Nieuws - 26 januari 2012


It is winter and the cold air is driving large flocks of geese from northern Europe to the Netherlands. To me, a fantastic sight, especially when a big flock all takes off together.

You see them in shifting clouds and long skeins flying over the land. And it's a real challenge to scan the thousands of greater white-fronted geese and greylag geese to try and spot the occasional lonely lesser white-fronted goose - smaller and characterized by a yellow ring around the eye - or the red-breasted goose with its beautiful markings.
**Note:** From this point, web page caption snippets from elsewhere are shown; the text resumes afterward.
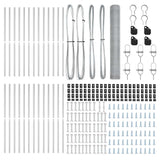 Recinzione con pali. Argento 1 x 50 m Acciaio rivestito in PVC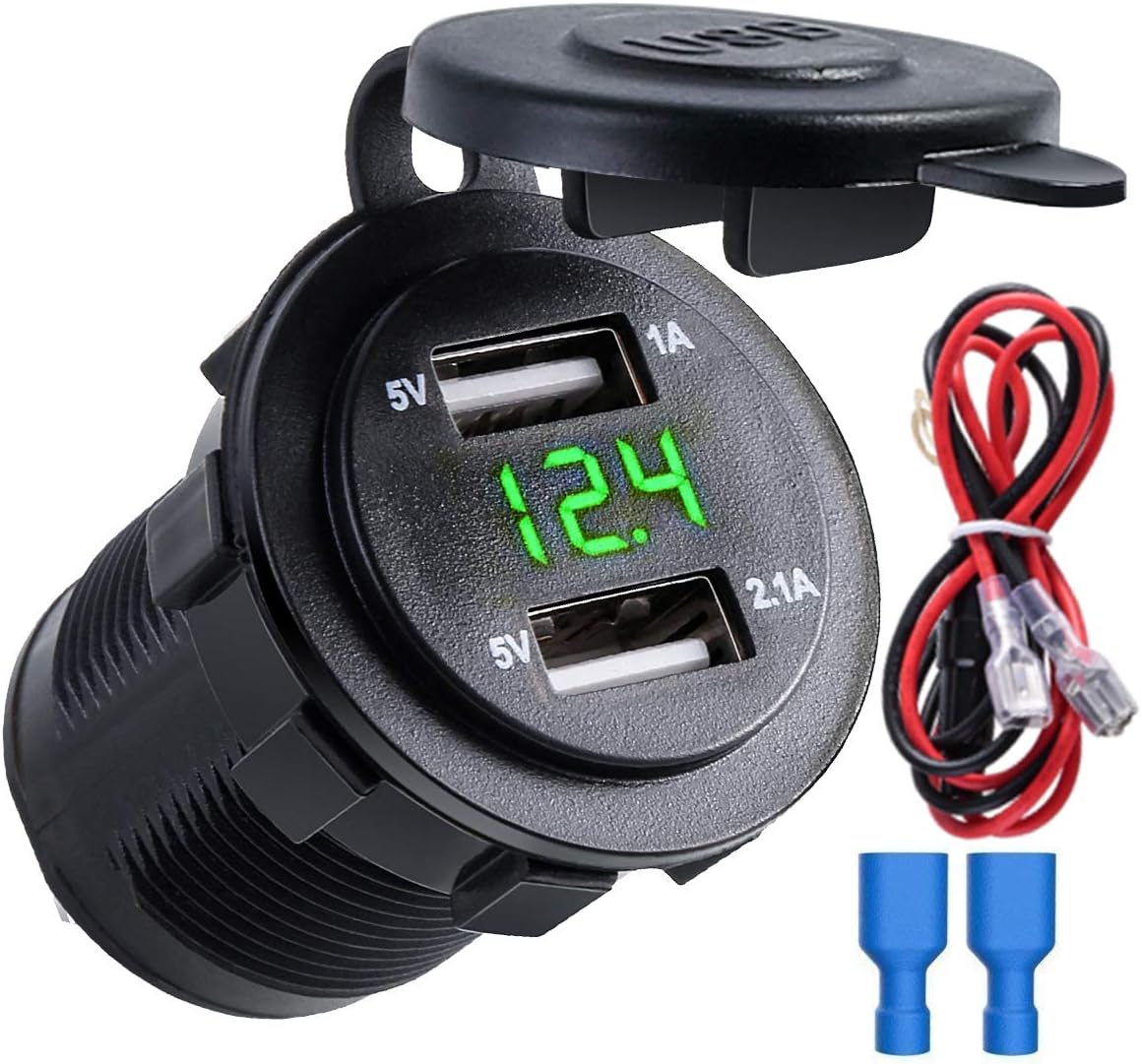 Yunnyp Car Motorcycle Charger Dual USB with Digital Display,12V/24 Dual USB Port Car Cigarette Lighter Socket Plug LED Voltmeter Waterproof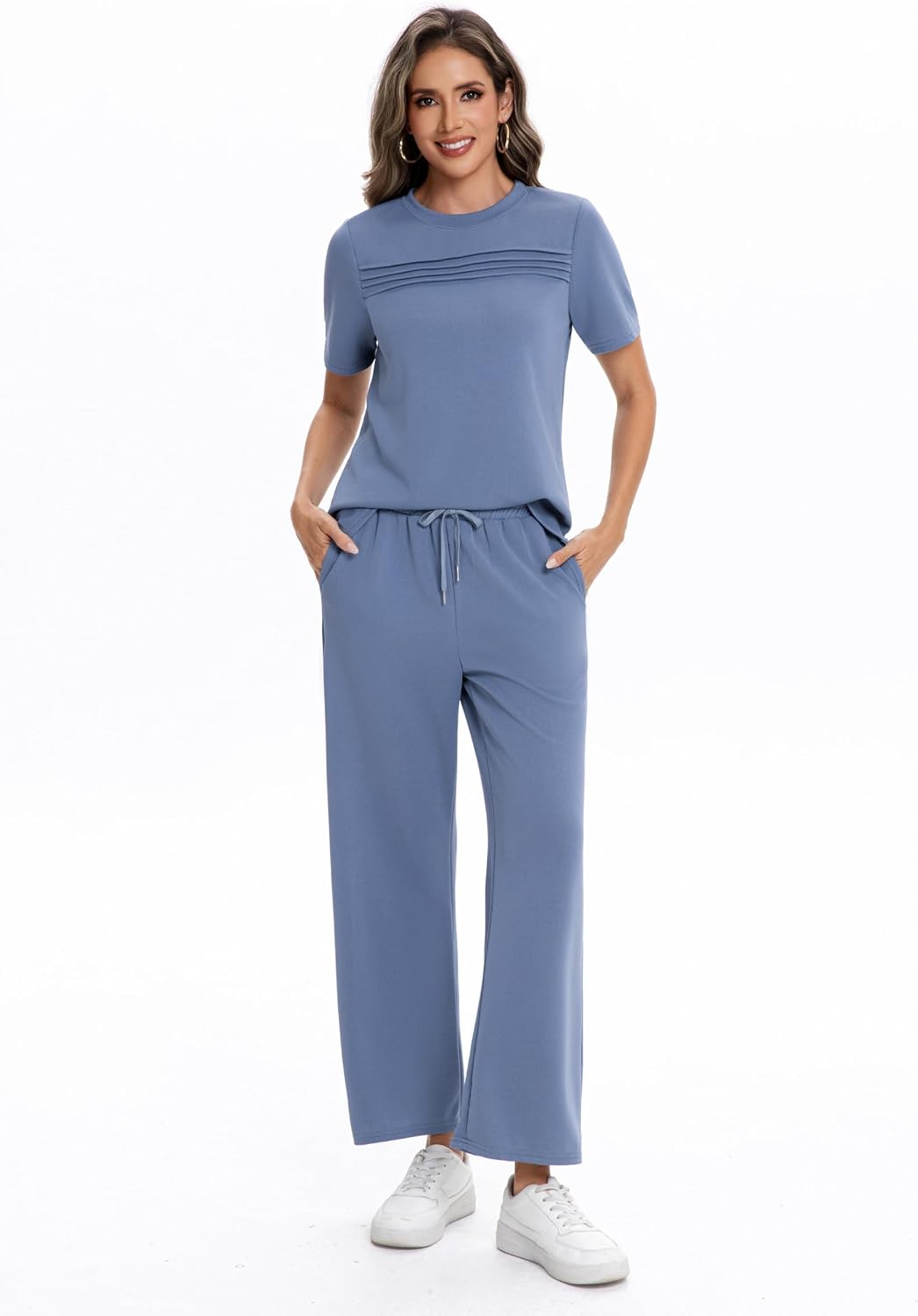 Women 2 Piece Summer Lounge Set，Short Sleeve & Wide Leg Pants, Casual Travel Vacation Sweatsuit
But the government is not happy about the geese. Due to exceptionally successful policy, their numbers have exploded in recent years. As a result, the populations now need to be controlled to prevent damage to farmland. The state favours gassing the geese but the EU opposes the plan: there are several protected species at stake. A response I saw recently suggested that gassing would be the most humane solution. As I type these words, my fingers falter because I realize how dreadful they sound in this context. A few years ago, 4,500 geese were gassed on a Natuurmonumenten reserve on the island of Texel. That is a whole truckful.
Greylag, white-fronted, barnacle and bean: geese come in all shapes and sizes. Some species will be spared, if the EU gets its way. So if you're a goose, it's good to be the right kind of goose. The wind is changing to the west and temperatures in the north will soon be rising above zero. But there is still a dark cloud hanging over many geese.